Accordingly, we propose a "low-level data system" which will be able to take
structured data and encode it as a byte stream which will include all necessary
information about the structure of the data, the names and types of its
components, and details of necessary network type conversions (eg, byte order
and floating point representation). The actual message will contain this byte
stream and the recipient will use low-level data system routines to find out
what is in it and to retrieve its contents.

So to the question: surely lots of people have already solved this problem? If
you have done so or can provide a pointer to further information, please mail
me and let me know. I will summarize findings and post them. Note that
something like the Sun XDR (eXternal Data Representation) approach used in RPCs
(Remote Procedure Calls) is NOT what we want, since that does not satisfy our
"self-defining" requirement.

		William Lupton (wlupton@keck.hawaii.edu)

cortesi@informix.com (David Cortesi) (06/18/91)

In article <13503@uhccux.uhcc.Hawaii.Edu> william@kaula.keck.hawaii.edu writes:
>I am involved in a project to produce a data acquisition software environment
>for use [with] ... multiple processors of differing types and a central
>aspect of it is a message system which allows a process on one machine to send
>a message to a process on the same or another machine.
>
>We have decided that we want the messages to be self-describing...
>e... (the major motivation behind this is to reduce coupling
>between system components, which may be being produced by separate groups).

>So to the question: surely lots of people have already solved this problem?

This exact problem has been faced by the ISO in defining the telecomm
standard for Open Systems Integration, ISO-OSI.  The specific standards
you want to read are ISO-8824, Abstract Syntax Notation 1 (ASN.1) which
covers an abstract notation for data, and ISO-8825, Specification of
Basic Encoding Rules for ASN.1, which covers how the abstract data is
to be represented in a byte stream.

cant@mrmarx.UUCP (Jim Cant) (06/19/91)

>We have decided that we want the messages to be self-describing rather than to
>require both ends of the communications link to have to "know" the structure of
>each message type (the major motivation behind this is to reduce coupling
>between system components, which may be being produced by separate groups).
>Accordingly, we propose a "low-level data system" which will be able to take
>structured data and encode it as a byte stream which will include all necessary
>information about the structure of the data, the names and types of its
>		William Lupton (wlupton@keck.hawaii.edu)

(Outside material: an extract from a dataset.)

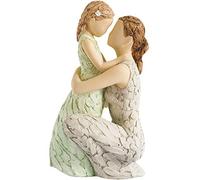 Crusader Exclusive More Than Words Tender Love (Mother & Daughter) Figurine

One type of 'self-describing' data that seems to be pretty flexible is the
TIFF (Tagged Image File Format) used by graphics types to move bitmapped
images around.  It appears you could put most anything in it and don't
need much smarts to read it.   The format is basically a header, then a 
table of contents to tags; each tag contains a data type, length, pointer
to actual data, etc.  You can define your own tags to handle your own
(derived) data types (like structs);  of course, the reader will have to
know about the derived data type (unless you pass the definition in another
tag??).

Might TIFF be readily adaptable to wlupton's problem?

Jim Cant, cant@mrmarx.msc.com   I don't care what the company thinks
Mainstream Software Corp.	about what I think or say nearly as much
411 Waverly Oaks Road		I care about how my boy responds to same.
Waltham MA 02154, 617-894-3399